Supervised learning vs. unsupervised learning: A comparison for optical inspection applications in quality control
Author(s) -
Jan Lehr,
Jan Philipps,
Van-Thanh Hoang,
D von Wrangel,
Julia Krüger
Publication year - 2021
Publication title -
iop conference series. materials science and engineering
Language(s) - English
Resource type - Journals
eISSN - 1757-899X
pISSN - 1757-8981
DOI - 10.1088/1757-899x/1140/1/012049
Subject(s) - computer science , unsupervised learning , artificial intelligence , machine learning , anomaly detection , quality (philosophy) , control (management) , novelty , supervised learning , semi supervised learning , field (mathematics) , pattern recognition (psychology) , artificial neural network , mathematics , philosophy , theology , epistemology , pure mathematics
For the establishment of a successful quality management system in companies, the quality control of e.g. newly produced goods or the return of old and used parts is an essential component. One solution for this is the optical inspection of the surface of objects with the help of image processing algorithms. Using the case study of printer cartridges, this paper evaluates the extent to which different methods of machine learning can contribute to a successful quality control.
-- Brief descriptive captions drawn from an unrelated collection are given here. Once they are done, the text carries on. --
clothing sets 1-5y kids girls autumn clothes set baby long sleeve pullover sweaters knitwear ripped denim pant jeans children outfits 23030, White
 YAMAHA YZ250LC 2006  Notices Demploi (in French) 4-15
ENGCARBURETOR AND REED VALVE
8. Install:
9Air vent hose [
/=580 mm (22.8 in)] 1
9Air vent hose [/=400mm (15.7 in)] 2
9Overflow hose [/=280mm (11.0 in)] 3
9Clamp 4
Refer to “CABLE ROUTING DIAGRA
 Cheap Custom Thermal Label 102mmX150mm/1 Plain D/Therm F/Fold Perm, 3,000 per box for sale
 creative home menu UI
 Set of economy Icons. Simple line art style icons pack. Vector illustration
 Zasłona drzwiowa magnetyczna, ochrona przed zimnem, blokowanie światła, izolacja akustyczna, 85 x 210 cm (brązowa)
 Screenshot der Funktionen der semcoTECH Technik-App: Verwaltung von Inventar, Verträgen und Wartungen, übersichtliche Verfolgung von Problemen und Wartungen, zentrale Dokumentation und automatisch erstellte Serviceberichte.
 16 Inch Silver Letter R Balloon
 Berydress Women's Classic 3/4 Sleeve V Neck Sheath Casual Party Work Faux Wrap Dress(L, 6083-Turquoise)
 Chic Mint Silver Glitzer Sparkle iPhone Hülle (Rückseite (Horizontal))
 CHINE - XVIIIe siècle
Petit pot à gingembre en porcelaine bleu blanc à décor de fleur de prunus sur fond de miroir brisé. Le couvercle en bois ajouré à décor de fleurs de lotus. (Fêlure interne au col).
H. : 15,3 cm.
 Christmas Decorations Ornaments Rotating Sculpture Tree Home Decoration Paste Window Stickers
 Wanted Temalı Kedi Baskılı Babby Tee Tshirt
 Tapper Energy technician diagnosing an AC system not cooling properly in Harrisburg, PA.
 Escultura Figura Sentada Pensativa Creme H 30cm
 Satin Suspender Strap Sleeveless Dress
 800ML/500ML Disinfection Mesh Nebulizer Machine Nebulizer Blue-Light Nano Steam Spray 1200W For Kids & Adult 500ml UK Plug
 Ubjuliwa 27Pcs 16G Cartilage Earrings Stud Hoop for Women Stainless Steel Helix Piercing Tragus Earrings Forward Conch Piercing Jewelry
Established methods of supervised learning have the advantage that they are already proven in many applications and have a very high detection accuracy. However, they require a lot of labelled training data and this high effort also means high integration costs. A new approach is a data-reduced variant from unsupervised learning. Here, the algorithm is trained only with defect free objects, for example as they come to a large extent from the production. If the objects are defective, the method from the field of anomaly detection or even novelty detection detects something that is different from the learned norm. This has the advantage that not all defects have to be known beforehand. And this in turn avoids acquiring a large amount of training data for each of these defects. This paper compares the effort required to acquire training data and compares it with the detection accuracy of the different methods in order to give an assessment of the extent to which the use of unsupervised learning methods is beneficial. Newly produced and used printer cartridges are used for this purpose. Image data is acquired from 18 different printer cartridge models. Afterwards they are fully annotated (labelled). A smart separation into training, validation and test data allows the training of supervised and unsupervised methods as well as a complete evaluation regarding the effort for data acquisition, annotation and detection accuracy of the defects. Finally, an outlook for chances and risks of the respective procedures is given.